BRIEF: Copy every line of the following data that includes the string "pots".

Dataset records
════════════════════
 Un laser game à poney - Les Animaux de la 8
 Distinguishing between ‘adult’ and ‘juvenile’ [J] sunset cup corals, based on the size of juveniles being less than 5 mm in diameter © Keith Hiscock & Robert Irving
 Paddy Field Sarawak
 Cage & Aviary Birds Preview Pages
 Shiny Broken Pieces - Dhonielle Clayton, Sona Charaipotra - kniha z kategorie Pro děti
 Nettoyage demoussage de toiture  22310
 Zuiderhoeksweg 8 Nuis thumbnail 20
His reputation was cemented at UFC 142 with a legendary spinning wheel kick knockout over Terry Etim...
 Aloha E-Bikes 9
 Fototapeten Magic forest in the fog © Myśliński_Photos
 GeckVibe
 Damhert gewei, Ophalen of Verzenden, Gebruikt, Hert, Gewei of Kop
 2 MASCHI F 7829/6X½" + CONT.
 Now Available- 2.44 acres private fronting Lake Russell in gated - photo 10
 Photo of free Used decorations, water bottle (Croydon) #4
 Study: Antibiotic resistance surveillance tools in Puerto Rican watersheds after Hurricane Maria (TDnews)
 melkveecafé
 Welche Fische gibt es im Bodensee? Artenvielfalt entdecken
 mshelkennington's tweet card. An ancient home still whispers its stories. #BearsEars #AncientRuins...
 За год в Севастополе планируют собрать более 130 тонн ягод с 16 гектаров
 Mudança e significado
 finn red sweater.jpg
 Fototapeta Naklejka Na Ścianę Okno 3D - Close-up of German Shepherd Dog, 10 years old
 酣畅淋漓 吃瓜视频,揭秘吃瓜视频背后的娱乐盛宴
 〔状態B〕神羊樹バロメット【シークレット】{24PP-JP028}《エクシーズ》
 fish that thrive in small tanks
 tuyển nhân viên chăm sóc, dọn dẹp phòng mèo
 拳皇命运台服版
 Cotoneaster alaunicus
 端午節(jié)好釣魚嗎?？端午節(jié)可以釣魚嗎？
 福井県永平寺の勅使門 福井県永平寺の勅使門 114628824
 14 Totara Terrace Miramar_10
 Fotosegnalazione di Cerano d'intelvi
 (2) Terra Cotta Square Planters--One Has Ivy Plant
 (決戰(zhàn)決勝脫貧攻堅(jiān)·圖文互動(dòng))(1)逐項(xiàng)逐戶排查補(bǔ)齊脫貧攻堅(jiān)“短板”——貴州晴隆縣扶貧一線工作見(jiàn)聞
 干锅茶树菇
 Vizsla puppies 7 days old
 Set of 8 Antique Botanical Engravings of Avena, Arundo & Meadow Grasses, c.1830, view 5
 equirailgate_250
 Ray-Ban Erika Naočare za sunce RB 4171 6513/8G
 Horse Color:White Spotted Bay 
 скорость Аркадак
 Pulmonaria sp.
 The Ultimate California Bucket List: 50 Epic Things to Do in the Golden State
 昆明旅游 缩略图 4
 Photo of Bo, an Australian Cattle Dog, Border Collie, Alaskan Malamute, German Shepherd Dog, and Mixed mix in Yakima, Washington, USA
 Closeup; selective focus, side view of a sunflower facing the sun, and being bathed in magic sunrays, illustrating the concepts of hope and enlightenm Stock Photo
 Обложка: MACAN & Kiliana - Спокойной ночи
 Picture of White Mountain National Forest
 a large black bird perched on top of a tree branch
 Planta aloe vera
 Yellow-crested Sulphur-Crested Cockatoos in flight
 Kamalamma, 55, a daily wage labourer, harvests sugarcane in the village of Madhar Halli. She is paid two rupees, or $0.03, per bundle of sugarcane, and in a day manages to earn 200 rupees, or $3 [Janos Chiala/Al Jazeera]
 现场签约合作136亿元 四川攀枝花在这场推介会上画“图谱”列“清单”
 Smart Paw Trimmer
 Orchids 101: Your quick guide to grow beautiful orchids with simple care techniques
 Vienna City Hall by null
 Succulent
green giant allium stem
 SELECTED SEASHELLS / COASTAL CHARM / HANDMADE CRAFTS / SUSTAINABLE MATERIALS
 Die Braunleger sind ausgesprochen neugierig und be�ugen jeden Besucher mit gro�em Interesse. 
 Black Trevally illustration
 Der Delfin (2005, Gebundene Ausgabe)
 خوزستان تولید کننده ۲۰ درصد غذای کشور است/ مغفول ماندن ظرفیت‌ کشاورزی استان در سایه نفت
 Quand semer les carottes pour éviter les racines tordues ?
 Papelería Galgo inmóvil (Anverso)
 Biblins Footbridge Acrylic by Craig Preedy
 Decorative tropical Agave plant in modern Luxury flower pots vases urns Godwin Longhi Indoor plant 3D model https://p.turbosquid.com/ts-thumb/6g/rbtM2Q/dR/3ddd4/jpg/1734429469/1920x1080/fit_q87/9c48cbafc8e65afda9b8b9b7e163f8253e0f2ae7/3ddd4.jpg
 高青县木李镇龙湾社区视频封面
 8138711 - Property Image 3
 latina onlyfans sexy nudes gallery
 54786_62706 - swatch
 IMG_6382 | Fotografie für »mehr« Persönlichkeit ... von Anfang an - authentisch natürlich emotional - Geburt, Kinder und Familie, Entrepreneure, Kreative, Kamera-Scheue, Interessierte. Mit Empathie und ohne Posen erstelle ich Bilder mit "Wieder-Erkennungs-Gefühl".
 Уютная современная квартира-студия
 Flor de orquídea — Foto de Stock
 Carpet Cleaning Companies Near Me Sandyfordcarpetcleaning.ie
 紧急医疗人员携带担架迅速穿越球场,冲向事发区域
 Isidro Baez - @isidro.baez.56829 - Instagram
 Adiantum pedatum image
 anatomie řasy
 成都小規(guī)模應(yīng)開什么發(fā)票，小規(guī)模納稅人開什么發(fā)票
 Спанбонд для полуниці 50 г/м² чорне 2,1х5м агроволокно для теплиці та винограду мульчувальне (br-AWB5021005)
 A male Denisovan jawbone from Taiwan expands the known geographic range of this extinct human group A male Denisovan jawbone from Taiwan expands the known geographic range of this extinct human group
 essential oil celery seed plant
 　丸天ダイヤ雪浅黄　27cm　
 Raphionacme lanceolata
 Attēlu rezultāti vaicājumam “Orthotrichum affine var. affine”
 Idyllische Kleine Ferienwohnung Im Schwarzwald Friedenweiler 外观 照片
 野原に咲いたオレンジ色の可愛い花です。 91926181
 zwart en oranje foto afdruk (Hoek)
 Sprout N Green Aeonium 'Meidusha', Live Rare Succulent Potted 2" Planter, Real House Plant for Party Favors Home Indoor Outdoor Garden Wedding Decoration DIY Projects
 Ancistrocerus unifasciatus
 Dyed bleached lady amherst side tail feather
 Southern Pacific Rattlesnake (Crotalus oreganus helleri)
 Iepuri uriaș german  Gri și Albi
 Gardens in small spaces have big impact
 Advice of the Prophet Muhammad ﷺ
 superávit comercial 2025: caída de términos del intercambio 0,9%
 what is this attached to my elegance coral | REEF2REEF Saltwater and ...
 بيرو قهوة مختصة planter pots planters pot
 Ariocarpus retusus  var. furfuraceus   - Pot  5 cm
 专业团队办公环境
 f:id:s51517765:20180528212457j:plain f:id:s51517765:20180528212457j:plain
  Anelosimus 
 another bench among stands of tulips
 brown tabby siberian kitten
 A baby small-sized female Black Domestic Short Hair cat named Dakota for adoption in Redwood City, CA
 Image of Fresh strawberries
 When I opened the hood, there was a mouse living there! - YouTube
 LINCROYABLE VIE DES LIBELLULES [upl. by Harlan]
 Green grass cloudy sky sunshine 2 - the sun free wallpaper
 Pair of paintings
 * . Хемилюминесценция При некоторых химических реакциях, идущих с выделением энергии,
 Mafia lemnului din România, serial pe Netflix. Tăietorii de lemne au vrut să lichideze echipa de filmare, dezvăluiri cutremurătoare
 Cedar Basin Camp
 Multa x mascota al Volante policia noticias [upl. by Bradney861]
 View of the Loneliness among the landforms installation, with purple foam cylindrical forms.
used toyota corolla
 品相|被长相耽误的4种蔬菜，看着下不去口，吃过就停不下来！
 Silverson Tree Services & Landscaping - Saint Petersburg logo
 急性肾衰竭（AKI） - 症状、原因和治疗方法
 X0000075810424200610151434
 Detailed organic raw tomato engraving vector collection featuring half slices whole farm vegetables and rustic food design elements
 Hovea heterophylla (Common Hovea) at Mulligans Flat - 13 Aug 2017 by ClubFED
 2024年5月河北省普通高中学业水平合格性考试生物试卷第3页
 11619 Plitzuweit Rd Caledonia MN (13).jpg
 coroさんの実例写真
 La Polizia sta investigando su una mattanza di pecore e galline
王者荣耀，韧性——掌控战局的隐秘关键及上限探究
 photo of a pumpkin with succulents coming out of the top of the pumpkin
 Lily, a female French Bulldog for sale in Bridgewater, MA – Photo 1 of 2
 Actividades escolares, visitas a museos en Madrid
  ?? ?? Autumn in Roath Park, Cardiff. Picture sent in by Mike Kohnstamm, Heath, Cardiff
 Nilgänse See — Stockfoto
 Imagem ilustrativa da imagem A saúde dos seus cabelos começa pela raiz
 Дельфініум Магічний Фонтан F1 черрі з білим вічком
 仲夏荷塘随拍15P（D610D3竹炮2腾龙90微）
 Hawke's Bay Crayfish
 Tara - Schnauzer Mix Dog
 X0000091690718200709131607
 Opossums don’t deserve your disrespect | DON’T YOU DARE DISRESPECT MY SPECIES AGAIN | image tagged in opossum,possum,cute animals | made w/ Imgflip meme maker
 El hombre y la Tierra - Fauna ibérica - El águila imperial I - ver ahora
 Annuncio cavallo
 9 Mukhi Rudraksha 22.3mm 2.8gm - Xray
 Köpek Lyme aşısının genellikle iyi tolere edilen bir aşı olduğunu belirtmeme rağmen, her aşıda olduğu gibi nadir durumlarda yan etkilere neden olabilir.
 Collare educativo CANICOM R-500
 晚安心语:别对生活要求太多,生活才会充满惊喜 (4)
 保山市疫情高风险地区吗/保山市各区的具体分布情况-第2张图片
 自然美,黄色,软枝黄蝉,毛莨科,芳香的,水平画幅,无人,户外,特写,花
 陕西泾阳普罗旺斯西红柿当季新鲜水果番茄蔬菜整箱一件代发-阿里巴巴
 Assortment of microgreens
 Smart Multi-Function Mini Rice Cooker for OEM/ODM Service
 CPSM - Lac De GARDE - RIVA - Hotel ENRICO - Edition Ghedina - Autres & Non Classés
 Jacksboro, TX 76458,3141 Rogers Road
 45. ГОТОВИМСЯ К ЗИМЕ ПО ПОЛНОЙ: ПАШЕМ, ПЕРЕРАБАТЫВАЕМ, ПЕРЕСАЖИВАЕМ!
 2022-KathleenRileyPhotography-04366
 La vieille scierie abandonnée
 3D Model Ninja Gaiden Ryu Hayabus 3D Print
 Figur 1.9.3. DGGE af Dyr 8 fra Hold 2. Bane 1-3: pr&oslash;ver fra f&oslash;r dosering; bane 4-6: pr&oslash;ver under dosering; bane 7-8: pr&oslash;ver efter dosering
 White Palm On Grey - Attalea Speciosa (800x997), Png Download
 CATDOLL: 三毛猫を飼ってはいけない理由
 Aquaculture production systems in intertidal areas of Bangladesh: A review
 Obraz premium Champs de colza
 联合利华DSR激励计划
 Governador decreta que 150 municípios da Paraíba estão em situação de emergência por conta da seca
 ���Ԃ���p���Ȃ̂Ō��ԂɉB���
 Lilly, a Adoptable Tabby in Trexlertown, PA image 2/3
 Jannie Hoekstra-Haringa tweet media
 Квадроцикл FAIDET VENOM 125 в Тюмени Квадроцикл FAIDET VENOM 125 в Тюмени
════════════════════
SOLUTION:
 Decorative tropical Agave plant in modern Luxury flower pots vases urns Godwin Longhi Indoor plant 3D model https://p.turbosquid.com/ts-thumb/6g/rbtM2Q/dR/3ddd4/jpg/1734429469/1920x1080/fit_q87/9c48cbafc8e65afda9b8b9b7e163f8253e0f2ae7/3ddd4.jpg
 بيرو قهوة مختصة planter pots planters pot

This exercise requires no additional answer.